Assignment: Give the data again exactly, without images.

-- Given data follows --

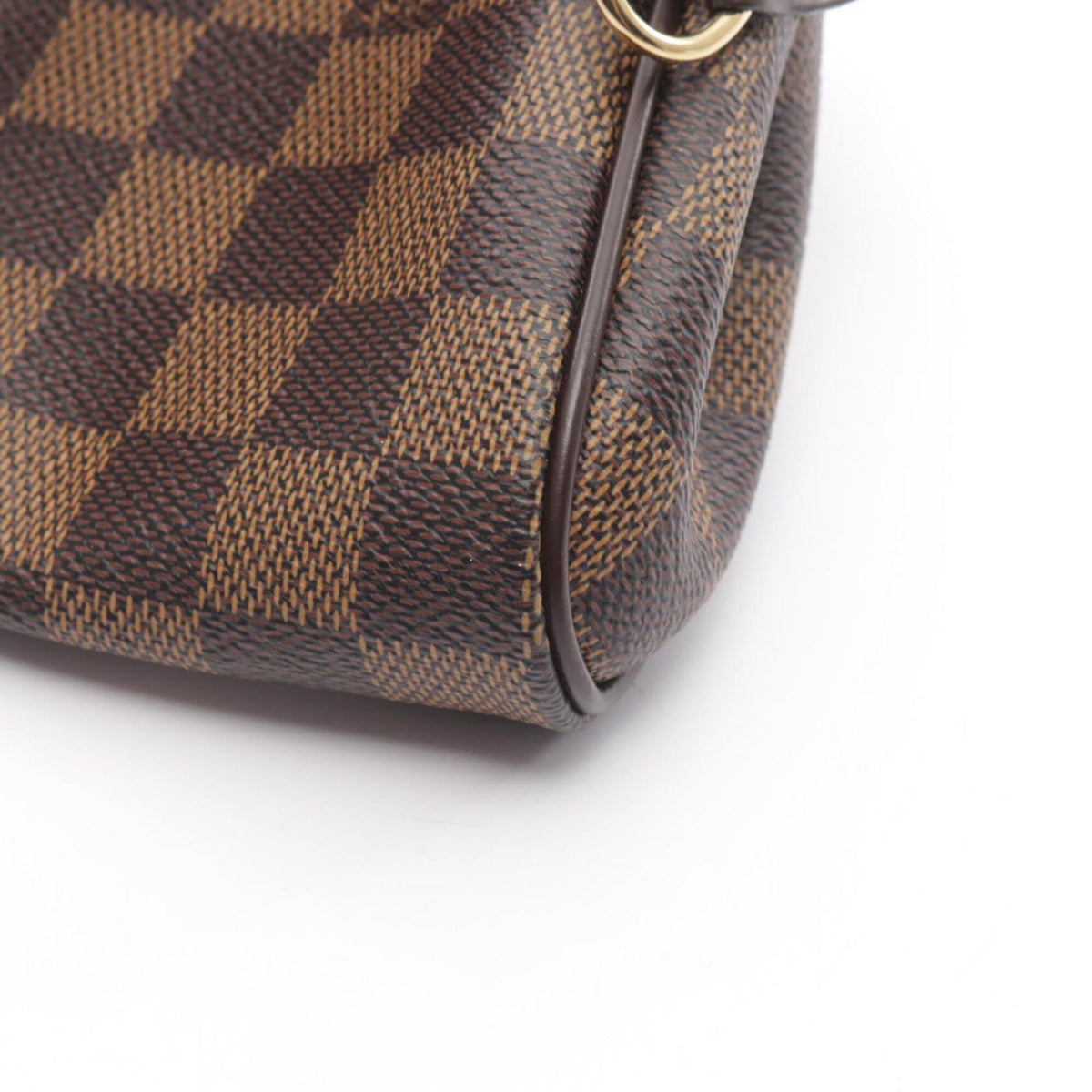 Louis Vuitton Brown Coated Canvas Leather Handbag (Pre-Owned)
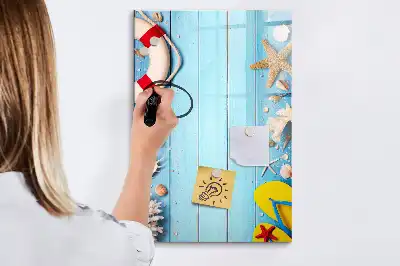 Magnetinė lenta sausam valymui paplūdimio mėgėjų rinkinys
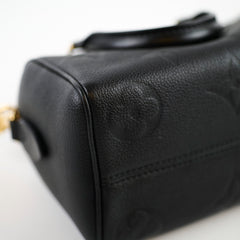 Louis Vuitton Speedy Bandoulière 20 Black Empreinte Leather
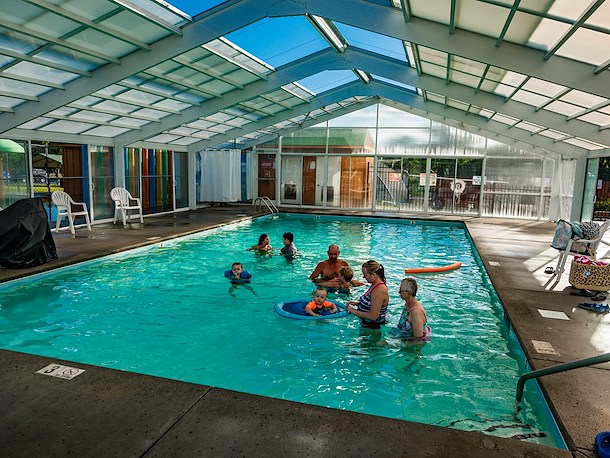 Indoor Heated Pool at Jellystone Park™ Tabor City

-- Given data concluded --

Task answer:
 Louis Vuitton Brown Coated Canvas Leather Handbag (Pre-Owned)
 Magnetinė lenta sausam valymui paplūdimio mėgėjų rinkinys
 Louis Vuitton Speedy Bandoulière 20 Black Empreinte Leather
 Indoor Heated Pool at Jellystone Park™ Tabor City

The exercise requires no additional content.